In quei momenti, se posso, cerco di "ricaricarmi" nel weekend. So che i social sono pieni di consigli sul self care, ma per me funzionano soprattutto questi.
Pulisco

So che non sembra rilassante, ma per me ha un effetto terapeutico. La monotonia della pulizia – soprattutto passare l’aspirapolvere o piegare i vestiti – mi aiuta a spegnere la mente. C’è qualcosa che mi fa sentire di nuovo in controllo: quando la vita è caotica, almeno in casa posso mettere ordine. E questo allevia l’ansia.
Ho notato che quando sono vicina a una spirale negativa, il disordine intorno a me la amplifica. Ma se tutto è pulito e al suo posto, sento di avere un rifugio sicuro. Il mio piccolo regno, dove tutto è come piace a me. E con questa "base pulita" posso ricaricarmi meglio anche con altri metodi.
Natura

Quando la pressione è alta, cerco sempre di uscire nella natura. Non serve essere escursionisti esperti: anche una passeggiata al parco può fare la differenza. Ma se posso, preferisco andare un po’ più lontano: Normafa, Hármashatár-hegy o il Danubio sono raggiungibili in un pomeriggio e regalano davvero quella sensazione di "essere nel selvaggio".

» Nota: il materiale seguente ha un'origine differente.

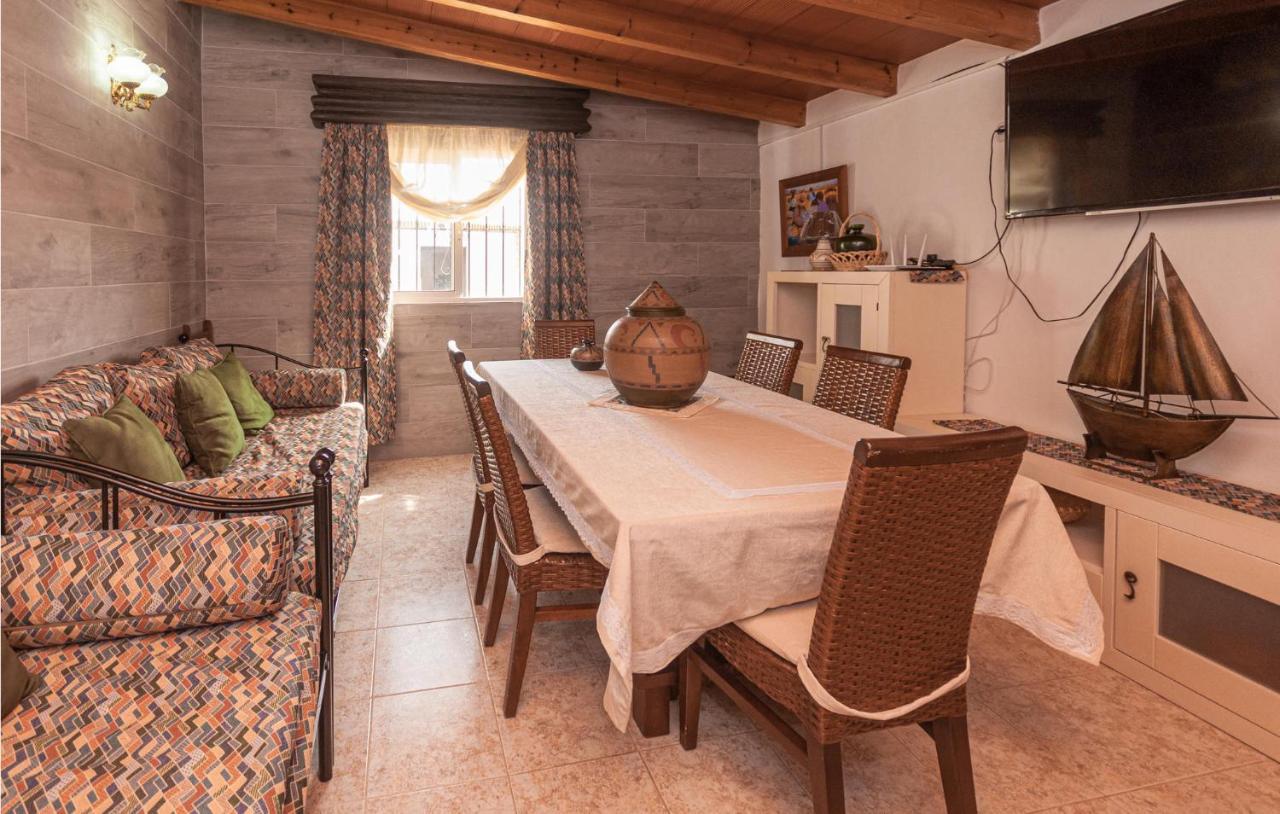 Awesome Home In Antequera With Wifi ภายนอก รูปภาพ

Non è tanto il movimento, quanto il silenzio. Il canto degli uccelli senza il rumore delle auto. Sedersi su un tronco e guardare il vuoto. Forse funziona così bene per me perché sono cresciuta in campagna, ma credo davvero che la natura aiuti chiunque. Se ti sei mai sentito sopraffatto dal rumore – fuori o dentro di te – ti incoraggio a provarci. Trova il bosco più vicino, indossa scarpe comode, prendi una bottiglia d’acqua e vai a camminare! Ti prometto che sentirai il peso della settimana sciogliersi dalle spalle.
Sushi nella vasca

Ok, questa è una mia piccola stranezza. Per me il self care perfetto è immergermi in un bagno caldo, profumato e schiumoso, guardare una serie e mangiare sushi. So che non è per tutti, ma a me funziona. L’acqua mi calma, il sushi è una festa e un conforto: il cibo che scelgo quando voglio dire a me stessa "te lo meriti". Che sia per un traguardo raggiunto o per aver superato la settimana.

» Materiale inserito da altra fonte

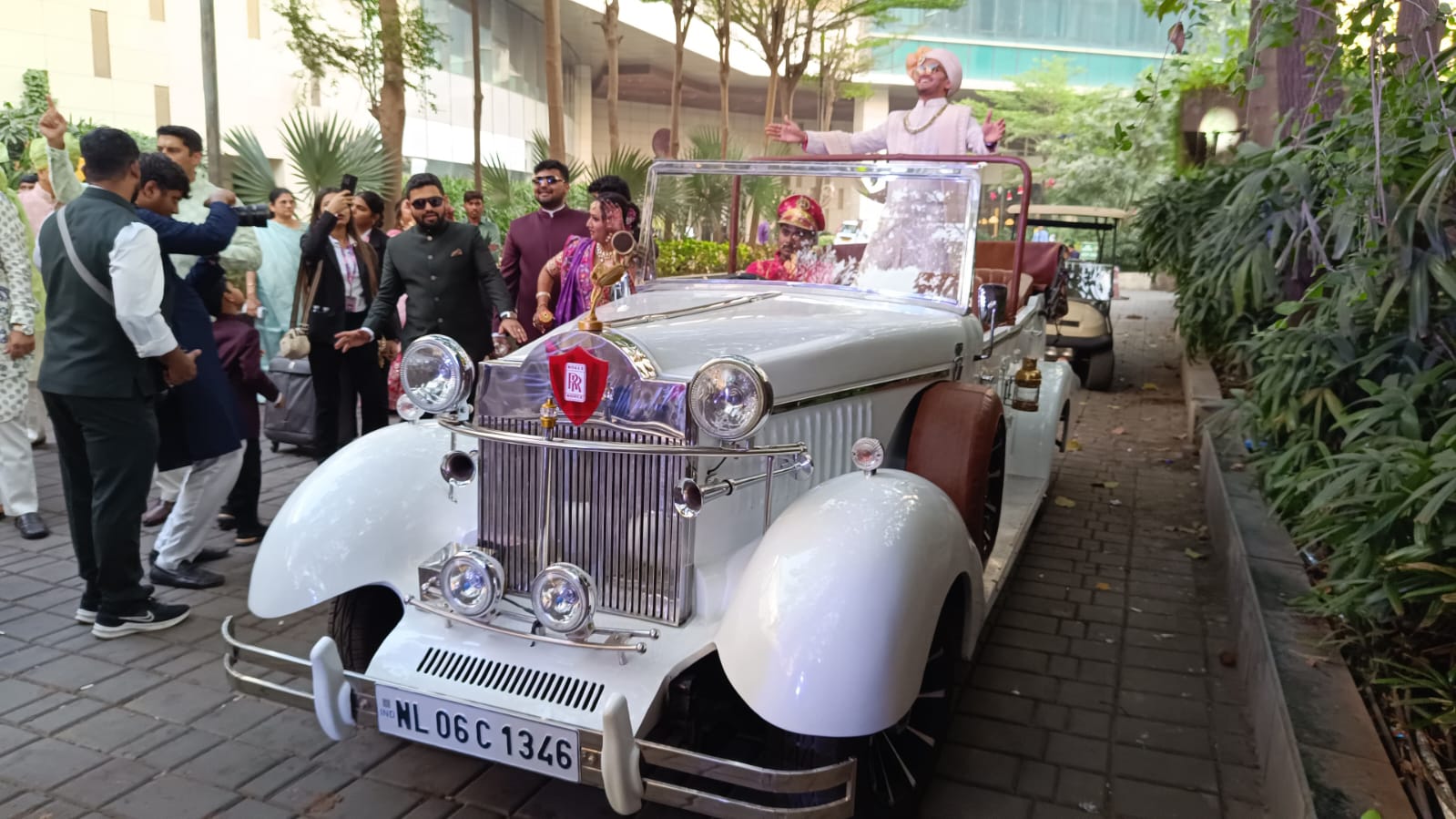 vintage car hire for wedding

Quindi per me il sushi nella vasca è un rito. Un segnale a me stessa che ora ho un’ora tutta per me. Ognuno può trovare il suo ambiente, profumo, cibo e temperatura preferiti per sentirsi al massimo del comfort. Qualsiasi cosa sia, puoi trasformarla in un rituale, un’ora in cui tutti i tuoi sensi si sentono coccolati.
Questi rituali del weekend non risolvono tutto, ma aiutano a ricominciare lunedì con energia. E a volte è il minimo che possiamo fare per noi stessi.